▸ What you have to do
Return the listing below exactly as it stands. Pictures stay out.

─── Source data ───

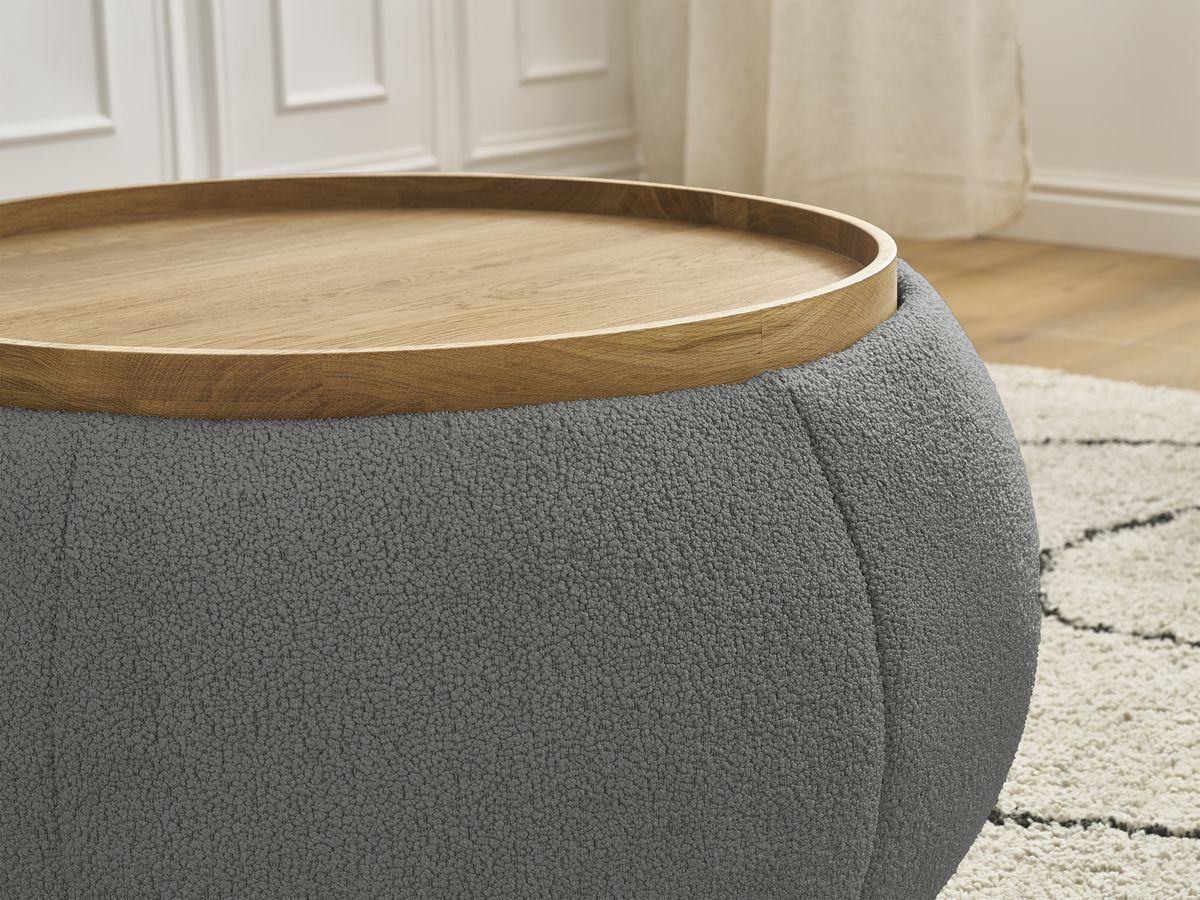 Pouf rond avec plateau HAYDEN tissu bouclette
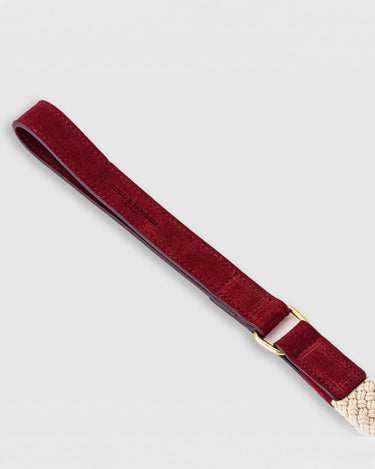 Flat Rope and Leather Dog Lead - Burgundy Handle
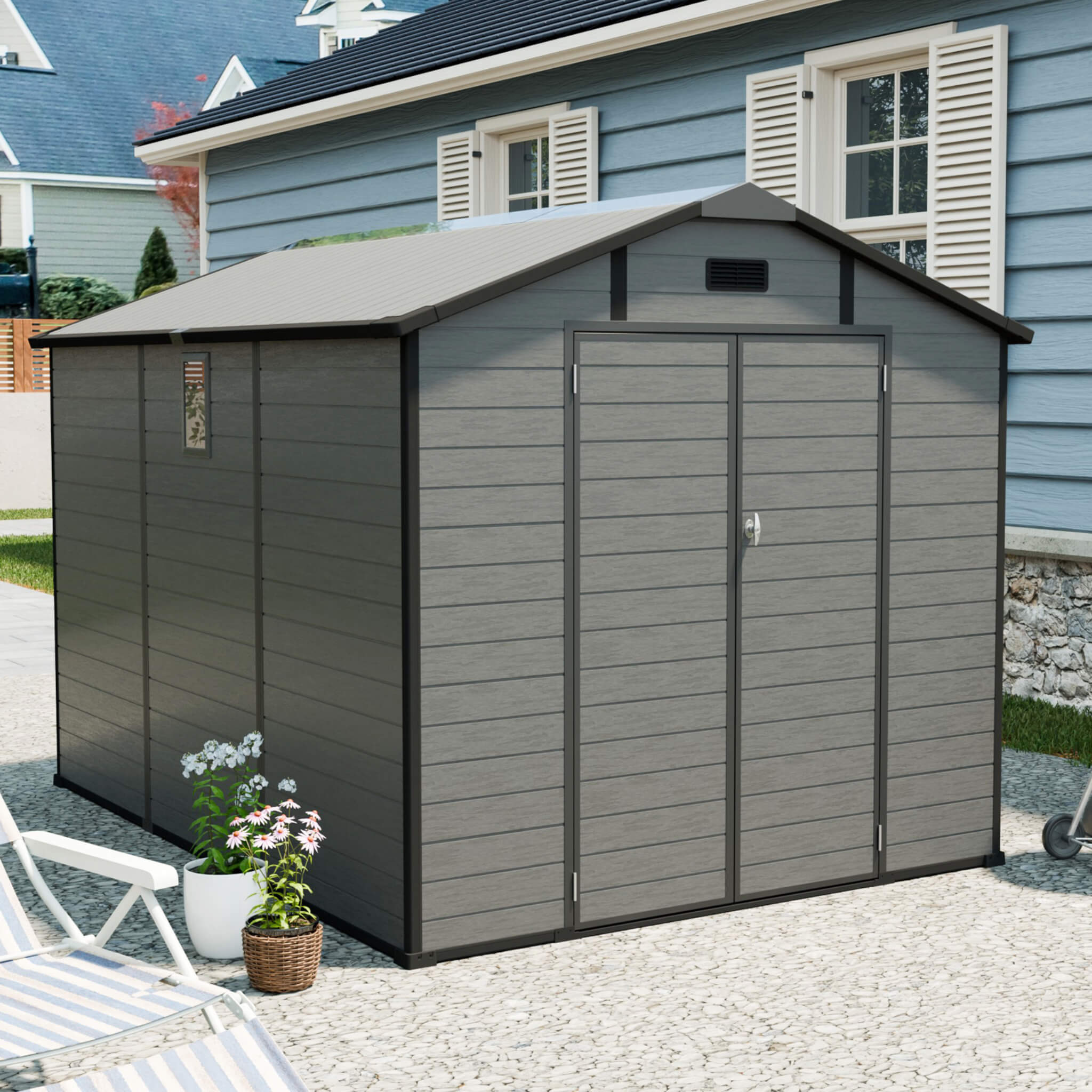 Alora Large Plastic Lockable Resin Outdoor Storage Shed With Window And Floor (SAK25870)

───

▸ Result of the task
 Pouf rond avec plateau HAYDEN tissu bouclette
 Flat Rope and Leather Dog Lead - Burgundy Handle
 Alora Large Plastic Lockable Resin Outdoor Storage Shed With Window And Floor (SAK25870)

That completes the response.